2. During the study, it was found that in the case of multiplying the signs of linear regression by an invertible matrix, the quality of the model does not change.
3. To protect information, we multiply the feature matrix by the reversible matrix $P$, which is randomly generated. Conversion algorithm:
    1. Creation of a random square invertible matrix with the number of columns that corresponds to the number of features.
    2. Checking the matrix for invertibility.
    3. Multiplication of the feature matrix by a random invertible matrix.
    4. Application of the model on the transformed features.

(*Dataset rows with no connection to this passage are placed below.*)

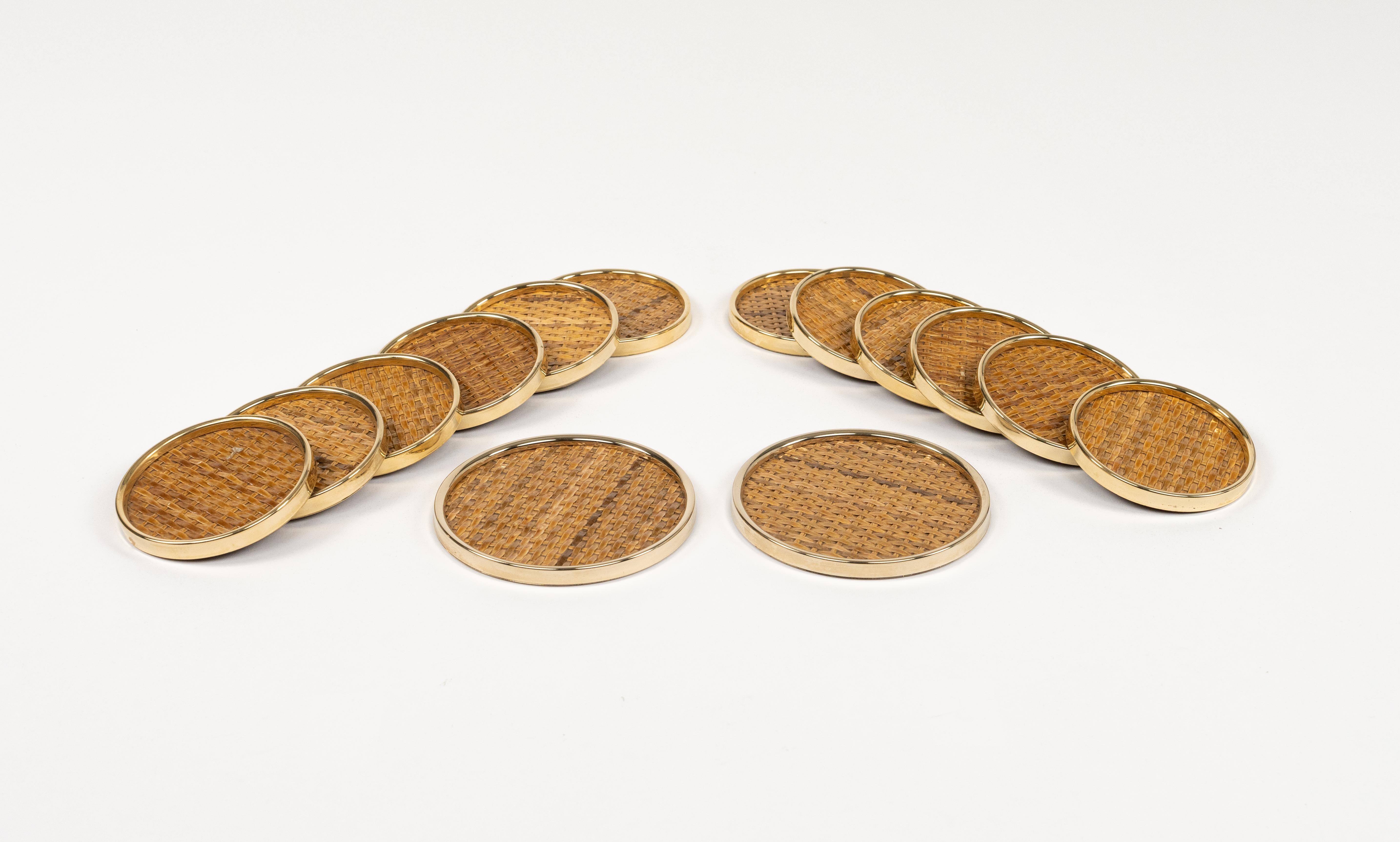 Late 20th Century Midcentury Set of 14 Coasters in Brass and Wicker Dior Home Style, Italy 1970s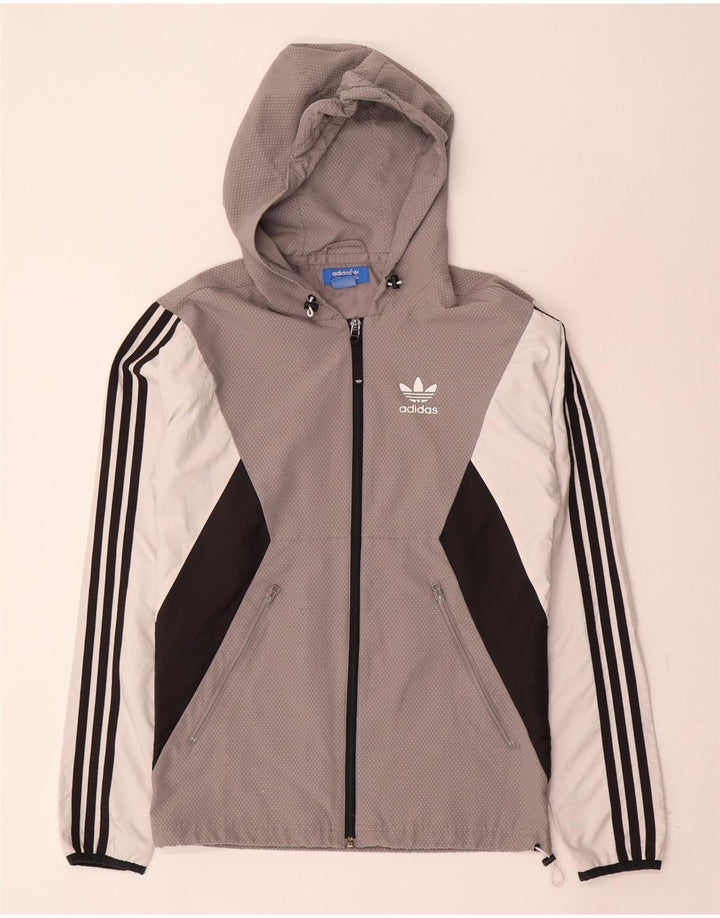 Giacca antipioggia da uomo Adidas con cappuccio UK 34 XS poliestere color block grigio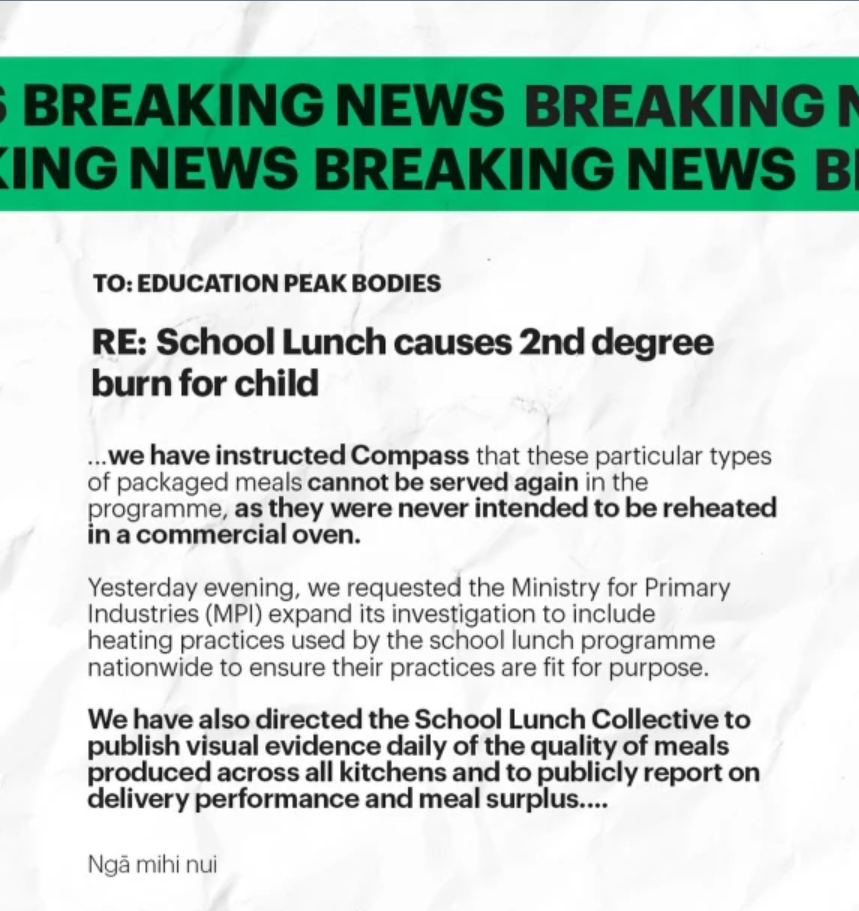 Education union NZEI Te Riu Roa posted this message from the Ministry of Education. Photo / Supplied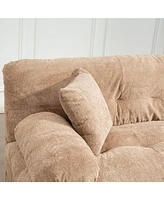 L-Shaped Sectional Sofa Sleeper Couch - Khaki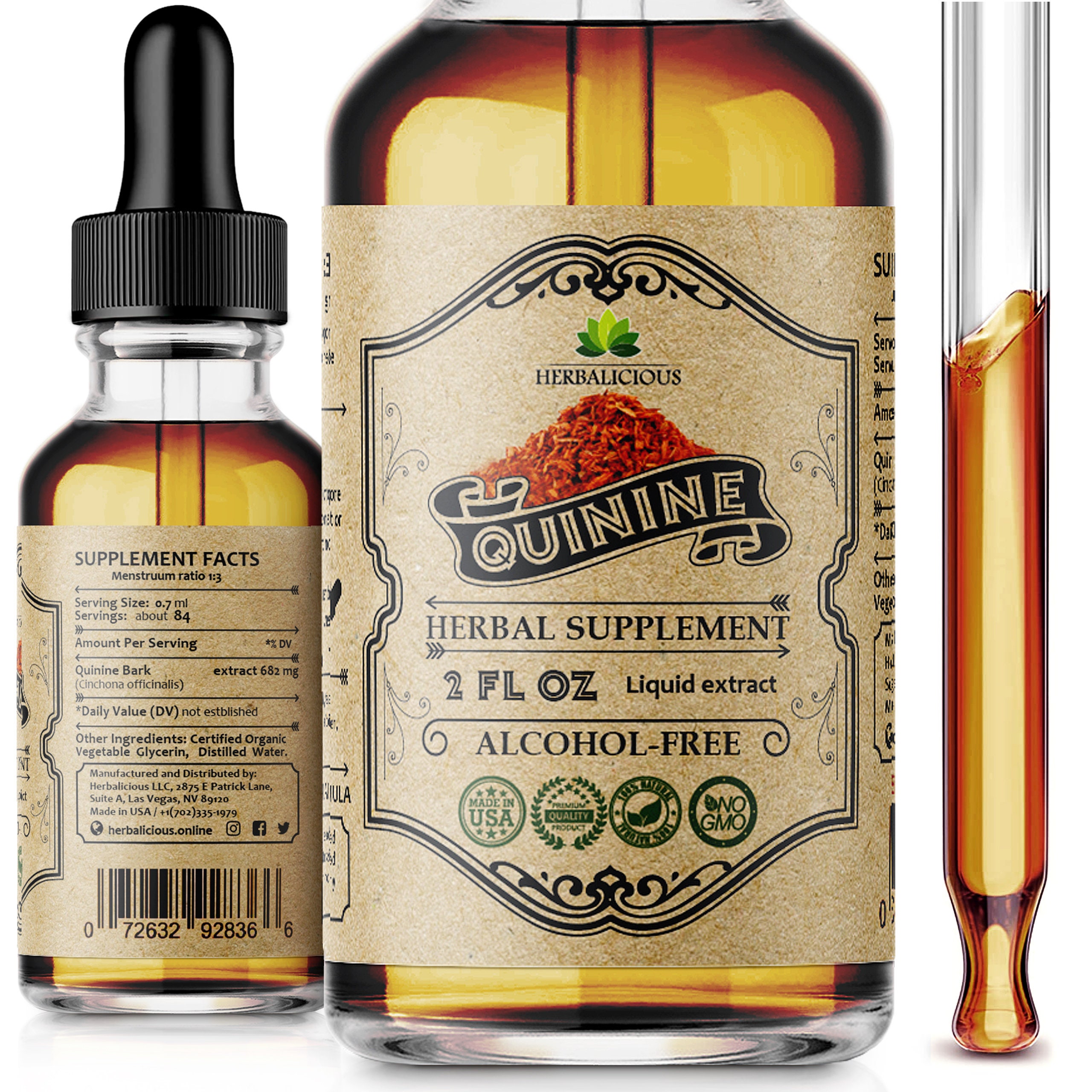 Quinine Liquid Extract 2oz Cinchona Officinalis Bark Herbal Supplement for Leg Cramping Relief
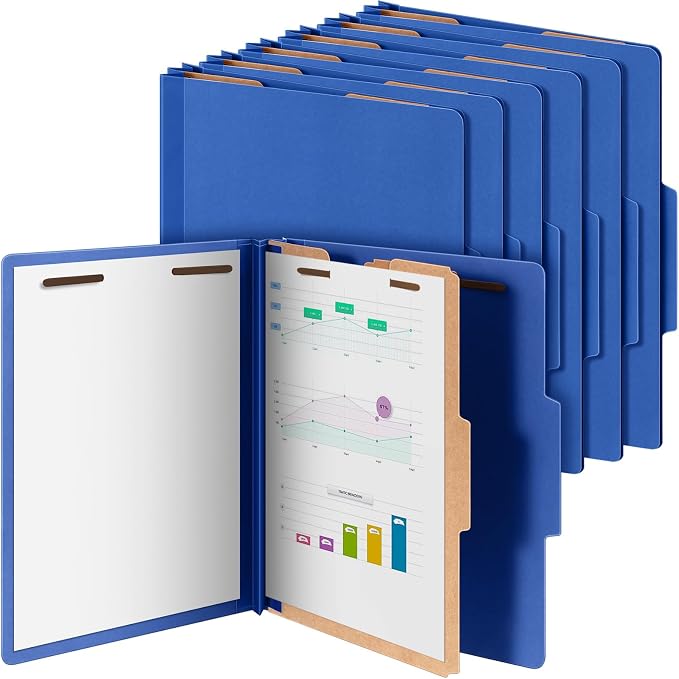 Skyygemm 12 Pcs Classification Folder Letter Size, 1 Divider,Dark Blue | Back to School Supplies, File Organizer with Fastener, Expanding File Organizer Bulk for Office Employee, Staff, Teacher by Skyygemm
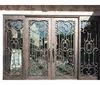 Four pane wrought iron doors, iron double door with two sidelights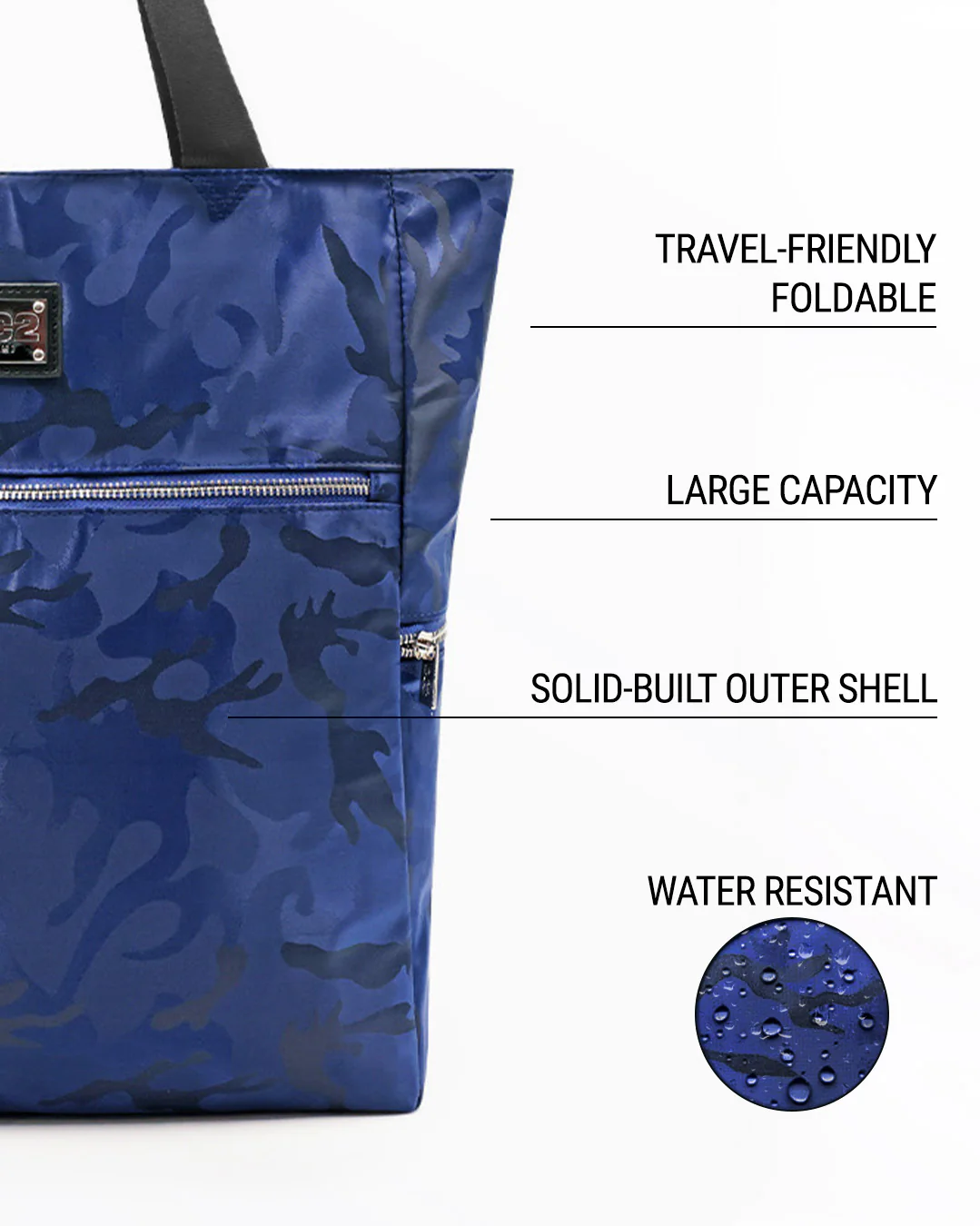NAVY BLUE CAMO - Poolside Tote Bag Foldable/Portable | DC2 - Image 7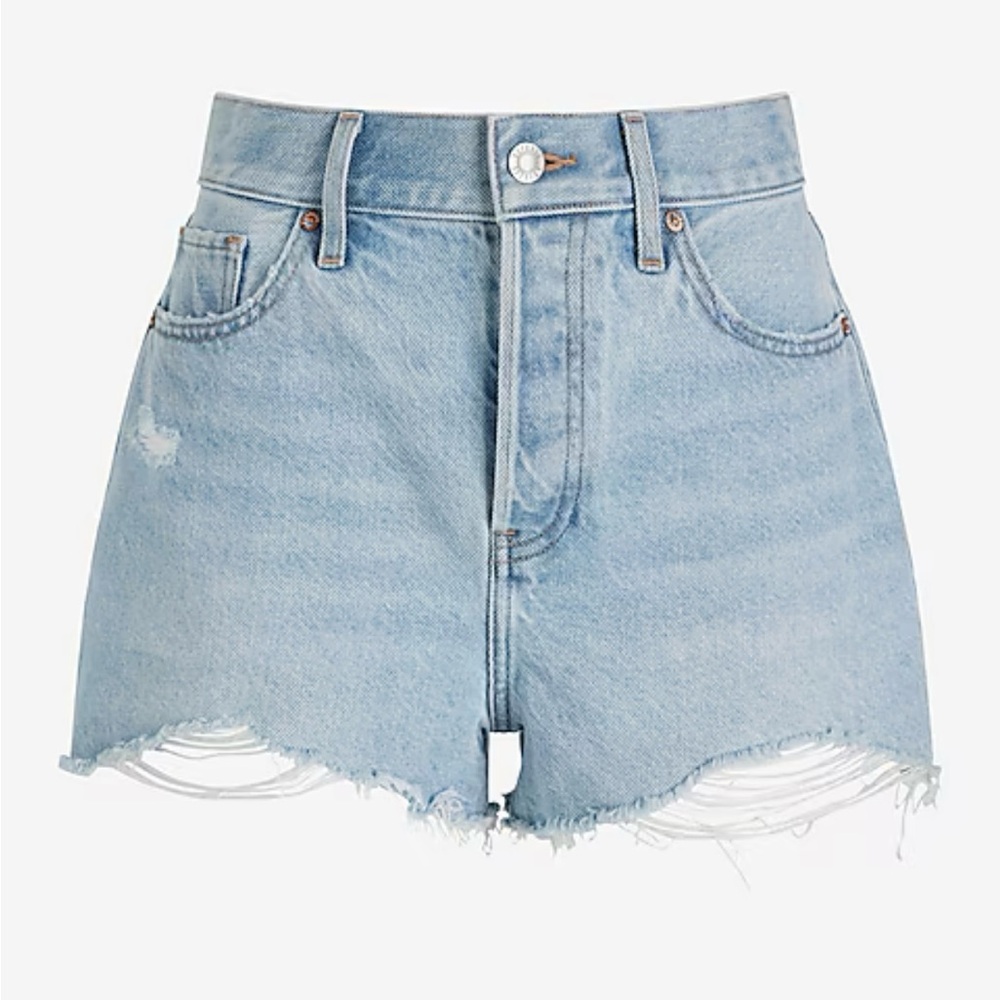 Express High Waisted Distressed Raw Hem Jean Shorts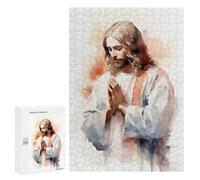 300 PCS Puzzle Pour Adultes Et Adolescents Jesus Praying Watercolor Puzzle Jouet Décoration Murale Art Mural Cadeaux D'anniversaire Et Unique 300 PCS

    5. Compare the R2 metrics on the original features and on the features multiplied by the invertible matrix.
4. After transforming the data by multiplying the features by the matrix, the quality of the linear regression has not changed and the R2 metric is the same on the standard and transformed data, which means that we managed to protect customer data without compromising the quality of the model.